= Given material =

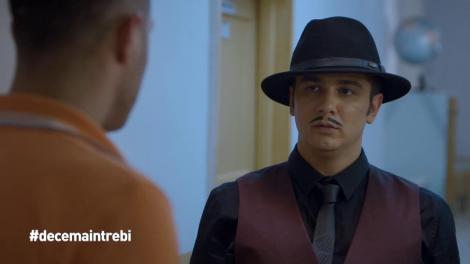 Profesorul "Decemaintrebi" le spune studenților notele în urma examenului susținut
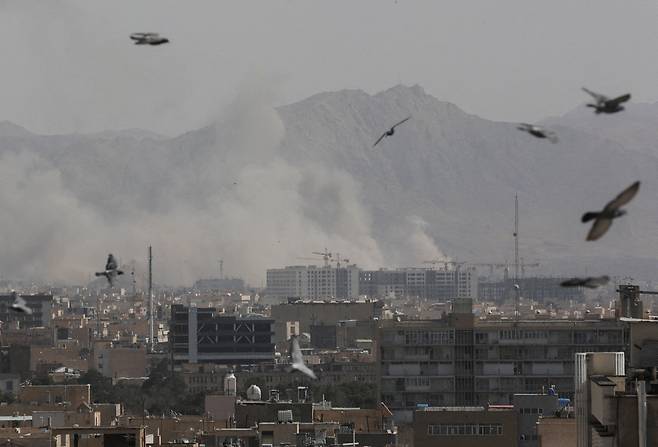 Smoke rises following an explosion, after Israel and the U.S. launched strikes on Iran, in Tehran, Iran, February 28, 2026. Majid Asgaripour/WANA (West Asia News Agency) via REUTERS ATTENTION EDITORS - THIS PICTURE WAS PROVIDED BY A THIRD PARTY      TPX IMAGES OF THE DAY<저작권자(c) 연합뉴스, 무단 전재-재배포, AI 학습 및 활용 금지>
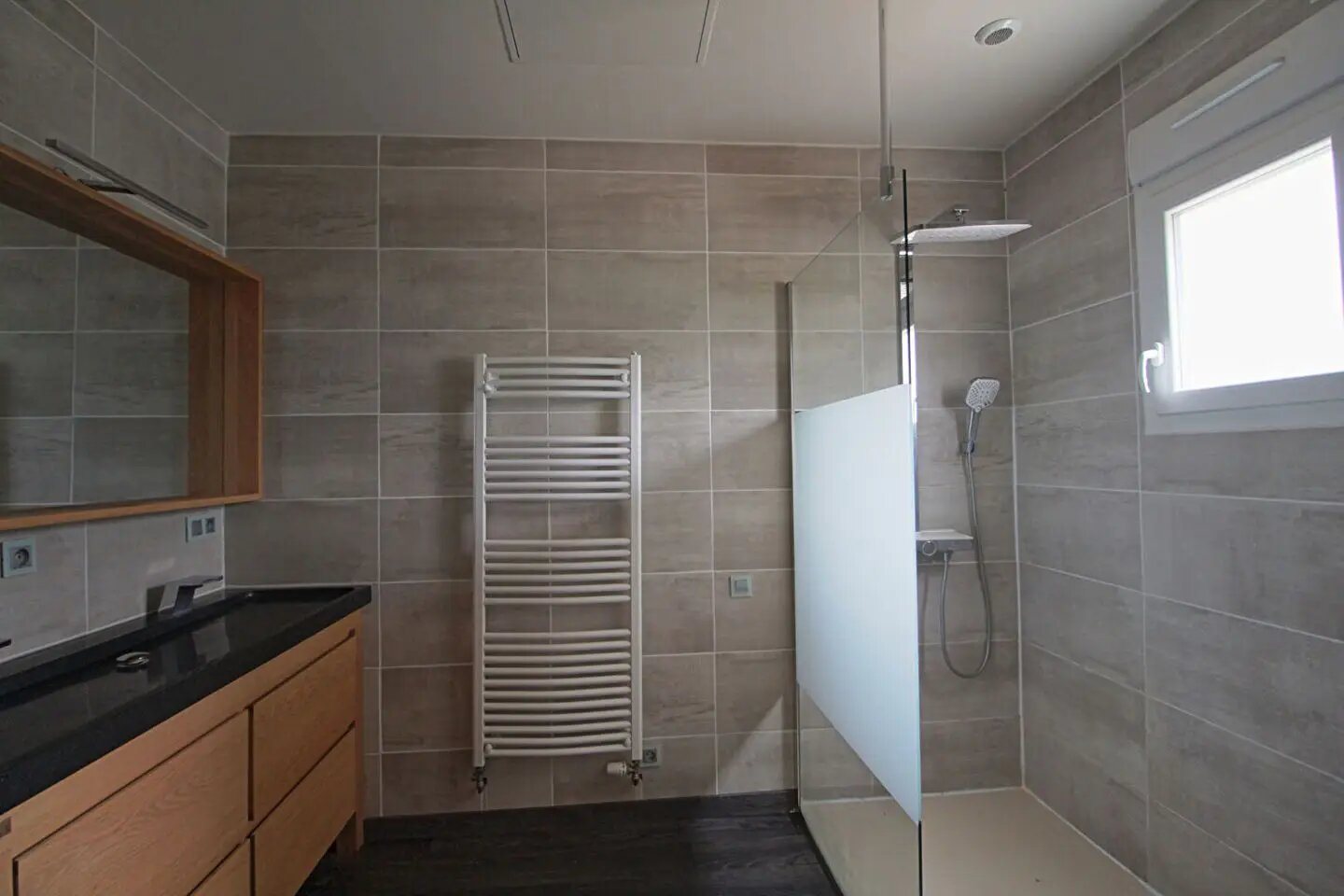 Maison à vendre, 138m², Gennes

= Task instructions =
Each line of the listing is to be retyped exactly, and its pictures are to be dropped.

= Answer for the task =
 Profesorul "Decemaintrebi" le spune studenților notele în urma examenului susținut
 Smoke rises following an explosion, after Israel and the U.S. launched strikes on Iran, in Tehran, Iran, February 28, 2026. Majid Asgaripour/WANA (West Asia News Agency) via REUTERS ATTENTION EDITORS - THIS PICTURE WAS PROVIDED BY A THIRD PARTY      TPX IMAGES OF THE DAY<저작권자(c) 연합뉴스, 무단 전재-재배포, AI 학습 및 활용 금지>
 Maison à vendre, 138m², Gennes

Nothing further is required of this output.